A veces me preocupaba qué pensarían de mí que estaba obligado a repetir tanto la ropa, y ni qué decir los zapatos. No soportaba que mandaran un ejercicio donde fuera preciso hablar de uno mismo. Me volvía loco pensando qué decir, me parecía que mi casa, mi situación y en general mi vida era tan aburrida mientras las vidas de los demás lucían tan interesantes.

Cuando entre los ejercicios de clase preguntaban si tomabas la guagua para ir al trabajo o la escuela, todos respondían, “No, I take a taxi”. Así que también llegué a creer que era el único que resistía casi tres horas diarias en guaguas repletas, donde por momentos resulta difícil compartir el oxígeno.

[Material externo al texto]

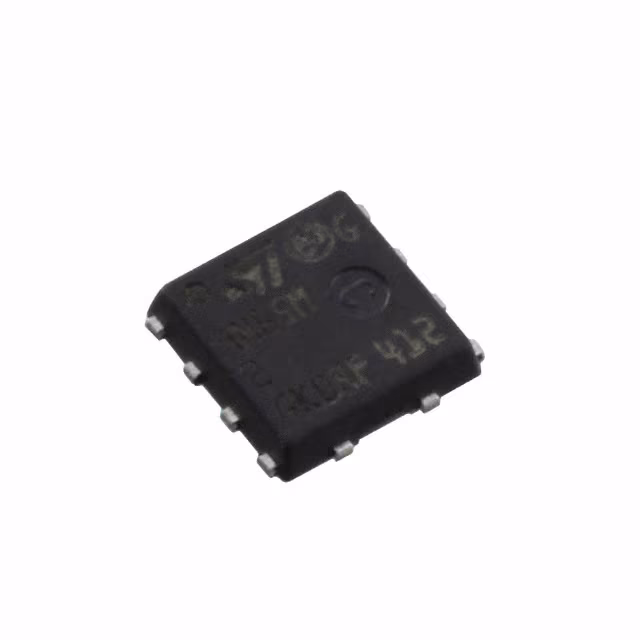 STL9N65M2 STMicroelectronics  Transistors - FET MOSFET - Simples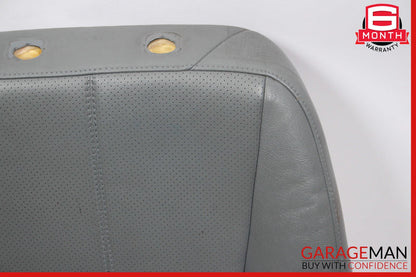 00-05 Mercedes W163 ML500 ML350 Front Left or Right Top Upper Seat Cushion OEM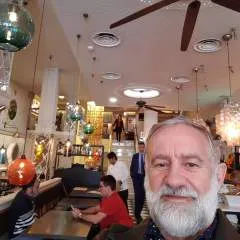 Guest photo on Jungo Live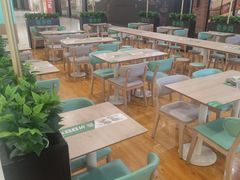 -老乡鸡(华润太湖店)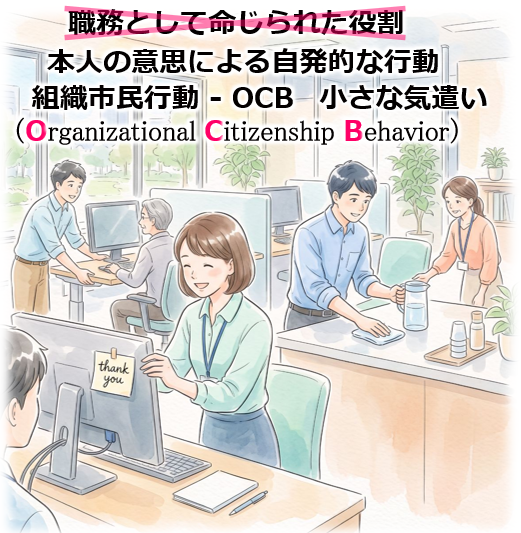 2.小さな気遣いOCB_イメージ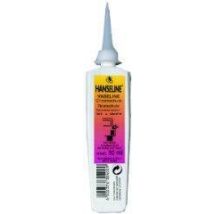 Vaseline 50ml HANSELINE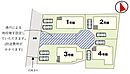 福岡県古賀市天神７丁目：物件画像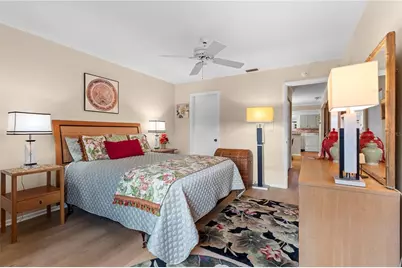 3910 37th Street S #39, Saint Petersburg, FL 33711 - Photo 23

En el receso sentía envidia de los que podían comer una manzana frente a los demás, una hamburguesa o jugos de hasta 3.30 CUC, estaba convencido que sólo yo no me podía dar esos gustos.

Recuerdo que una alumna que no solía interesarse en participar en la clase, una vez que el ejercicio consistía en describir la casa de uno se mostró muy ansiosa por responder, y era sólo para decir que su casa tenía quince habitaciones.

En otro ejercicio con vista a aprender a hablar en pasado, donde debíamos decir qué habíamos hecho en nuestras últimas vacaciones, casi todos contaron que habían ido a Varadero. Tan evidente se volvió la farsa que el profesor dijo: “¿Y si todos fueron a Varadero, por qué ninguno se vio?

En una ocasión fui a Coppelia con dos colegas y la conversación abordó por un momento los problemas del país, se dijo entre otras cosas que los precios estaban pensados para prácticamente el uno por ciento de la población. Yo me animé pensando que al fin compartiríamos preocupaciones sinceras, pero por el tono indiferente en que hablaban los dos parecían dejar claro que pertenecían a ese uno por ciento.

Pero como se dice que lo semejante atrae lo semejante, el alumno que se sienta junto a mí en la clase fue notando que mi actitud era distinta y empezó a manipular su MP3 ante mí sin ningún complejo. Durante el receso, si salimos a la calle, ya compraba varios cucuruchos de maní para calmar el hambre.

Poco a poco el miedo a mostrar la realidad fue desapareciendo. Un día una compañera de clase con la que converso bastante abrió su monedero ante de mí sin ningún recelo: tenía solamente seis pesos cubanos.

Lentamente me di cuenta de que al empezar el curso todos (incluso yo), incorporamos una especie de personaje como mecanismo de defensa. Pero como todo lo que no es real, éste no se sostiene y con el tiempo se fue desmenuzando.

Al final fuimos saliendo nosotros, lo que de verdad somos, con todos los problemas que tiene un cubano de a pie.